Types of Graphs

Pictograph A chart giving statistics in pictorial form. For example, using a dollar in increasing sizes to represent the increase in the purchasing power over time.

Pie chart (Circle Graph) A circular chart that provides a visual concept of a whole (100% = 360 degrees). The pie is divided into slices, each corresponding to a category of the variable represented (e.g. each age group). The size of the slices is proportional to the percentage of the corresponding category. Each part illustrates a ratio of the whole.

Tally chart Used to record data from an experiment, count the occurrences of an event and develop frequency distribution tables.

Frequency table A table presenting statistical data by putting together the values of a characteristic along with the number of times each value appears in the data set.

Histogram A graph that consists of a series of columns, each having a class interval as its base and frequency of occurrence as its height.

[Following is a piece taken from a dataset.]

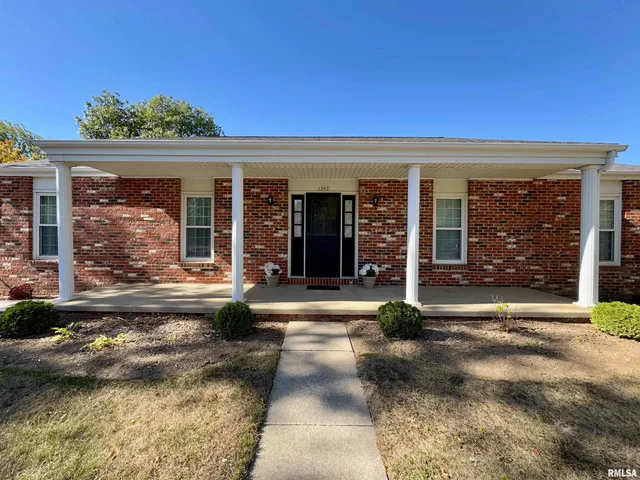 $184,000 | 1347 Carolbeth Avenue, Macomb, IL 61455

Class intervals If a variable has a large number of values, it is easier to present the data by grouping the values into class intervals (i.e., age of the population presented as age groups, for example 0–4, 5–9, 10–14, 15–19, etc.) rather than presenting all of the values together. This makes it easier to see the trends in the data.

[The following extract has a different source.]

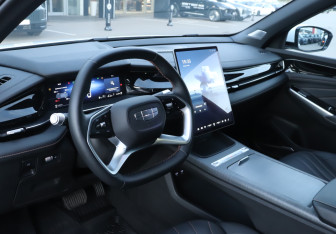 Подержанный автомобиль Geely Preface 2024 года (12 фото)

Bar graph A diagram that compares bars of the same width but of different heights according to the statistics or data they represent. Bar graphs are horizontal. (A vertical bar graph is called a column graph.) These show a comparison of two or more quantities.
Double Bar graph allows more than one set of data to be compared.

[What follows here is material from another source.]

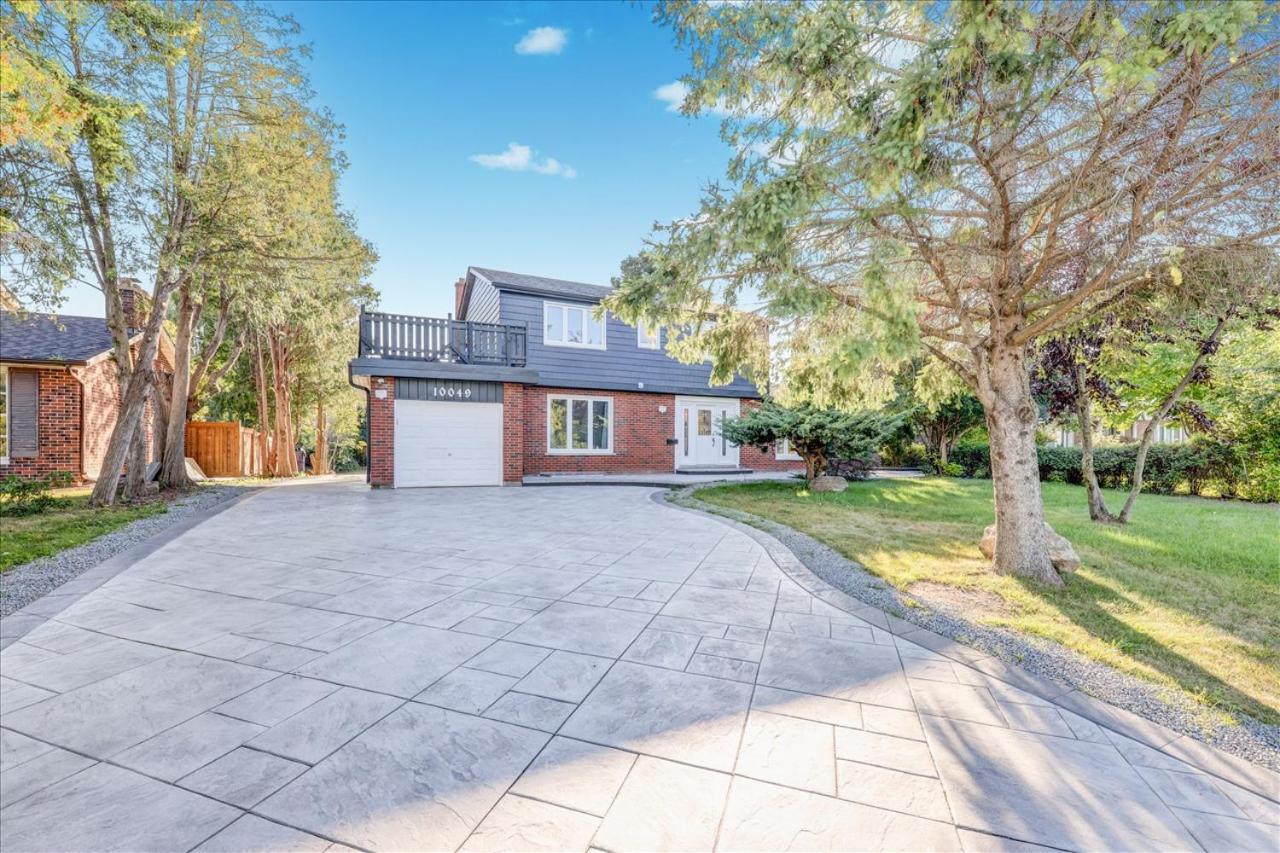 Stunning 7 Bedroom Rougeview Home With 2 Kitchens, 5 Bathrooms, Amazing Backyard & 8-Car Parking Toronto Bagian luar foto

Line graph A graph in which successive points representing the value of a variable at selected values of the dependent variable are connected by straight lines. These show change over time.
Double Line graph allows two sets of data to be compared over a period of time.

Stem and leaf plot A semi-graphical method used to represent numerical data, in which the first (leftmost) digit of each data value is a stem and the rest of the digits of the number are the leaves. A stem and leaf plot shows all the data values from a sample set.
Double Stem and leaf plot allow two sets of related data to be shown, one on each side of the stem.

Dot graph (scatter plot) A two dimensional diagram that indicates two variables as a series of dots, mainly used to show the correlation between the two variables.

Tree diagram A branching diagram that shows all possible combinations or outcomes.

Range The full distance over which results vary along a number line. The exclusive range is the difference between the largest and smallest results in a data set, and the inclusive range is the difference between the upper real limit of the highest interval and the lower real limit of the lowest interval.